_Brief_. Below are some records. Output the lines from the first one through the line that holds "Brandon Florida Mobile Paintless Dent Repair", exactly as written, with no pictures.
====== Excerpted data ======
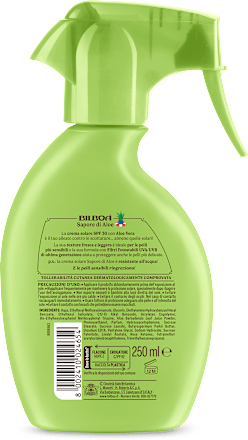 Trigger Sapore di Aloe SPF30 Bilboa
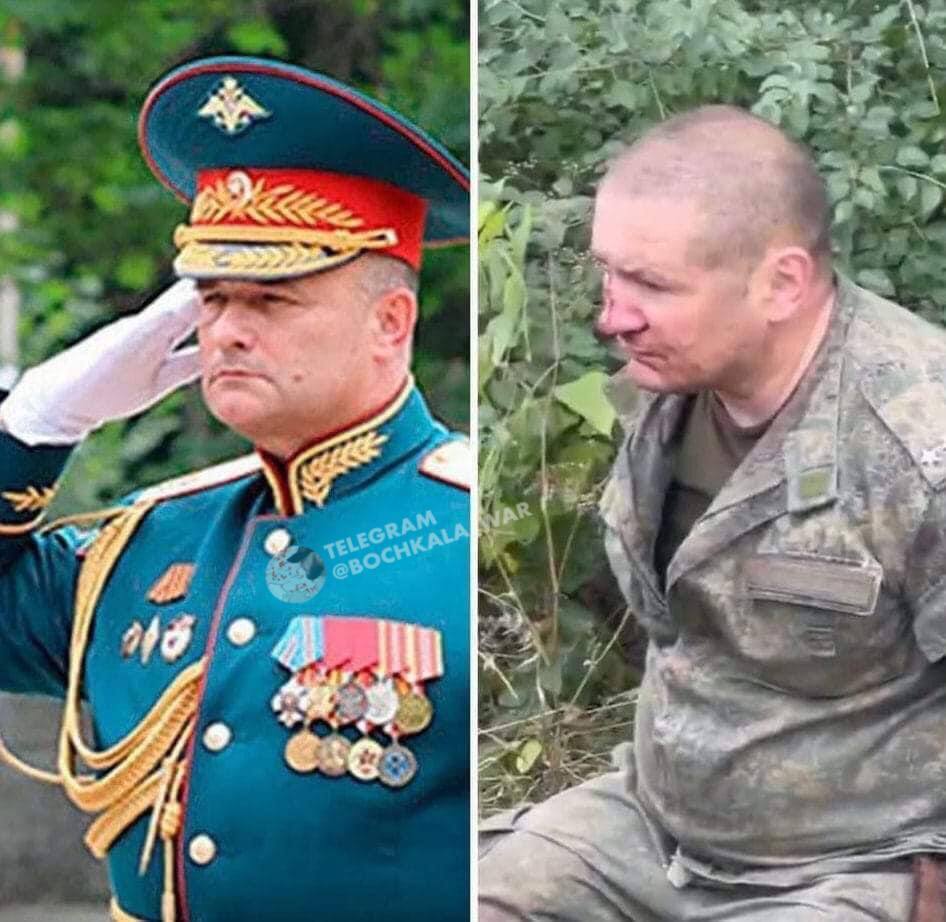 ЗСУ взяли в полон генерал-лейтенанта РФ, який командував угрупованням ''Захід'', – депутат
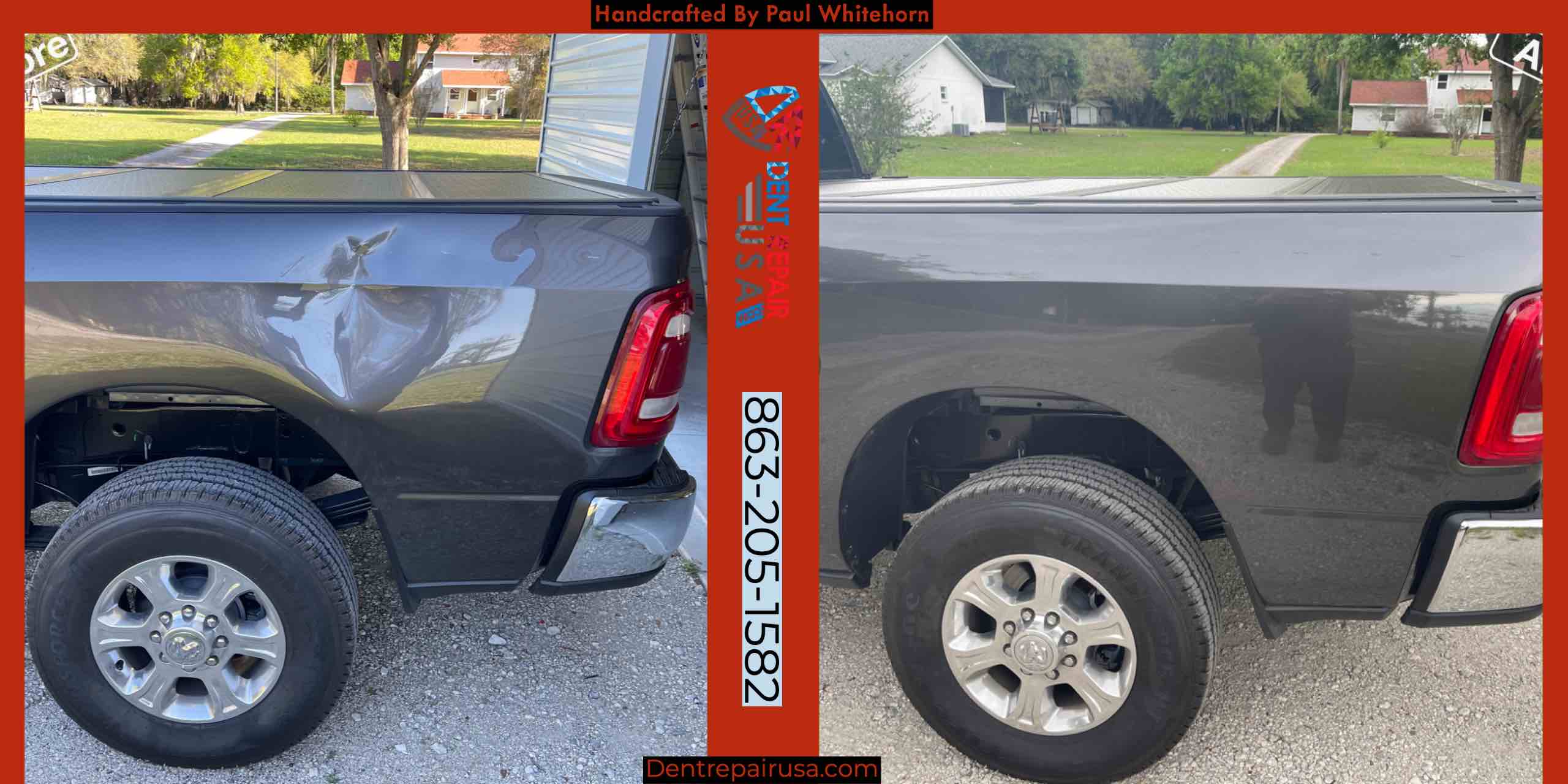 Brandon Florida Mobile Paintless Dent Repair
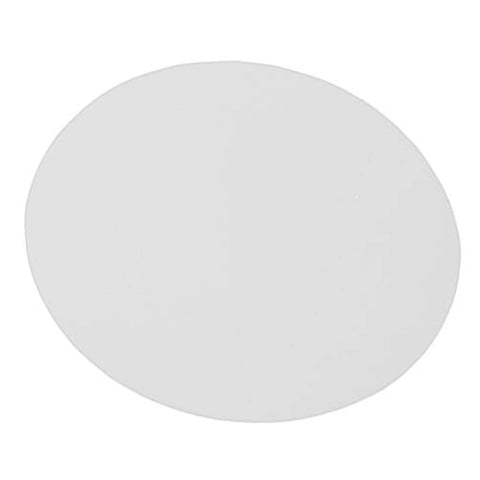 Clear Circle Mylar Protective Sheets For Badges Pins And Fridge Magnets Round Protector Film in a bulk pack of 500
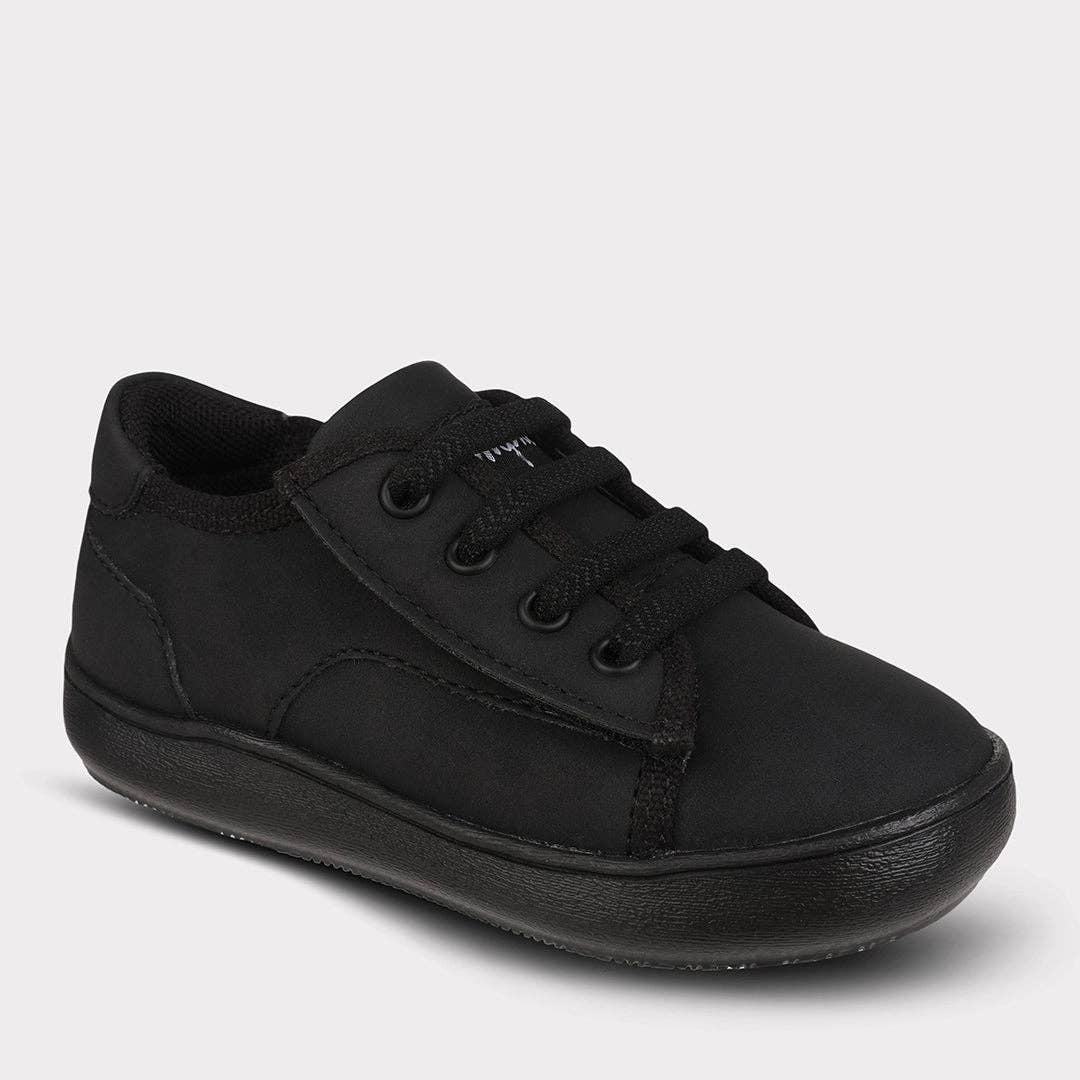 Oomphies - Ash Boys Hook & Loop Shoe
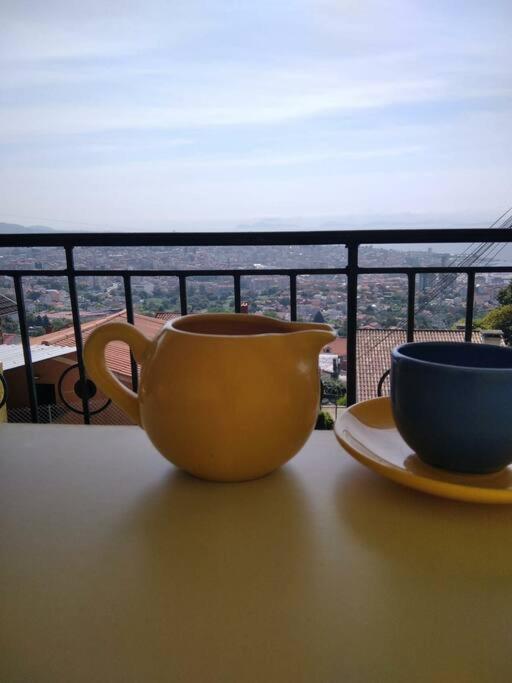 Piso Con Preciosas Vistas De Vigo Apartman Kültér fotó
======
_Answer space_.
 Trigger Sapore di Aloe SPF30 Bilboa
 ЗСУ взяли в полон генерал-лейтенанта РФ, який командував угрупованням ''Захід'', – депутат
 Brandon Florida Mobile Paintless Dent Repair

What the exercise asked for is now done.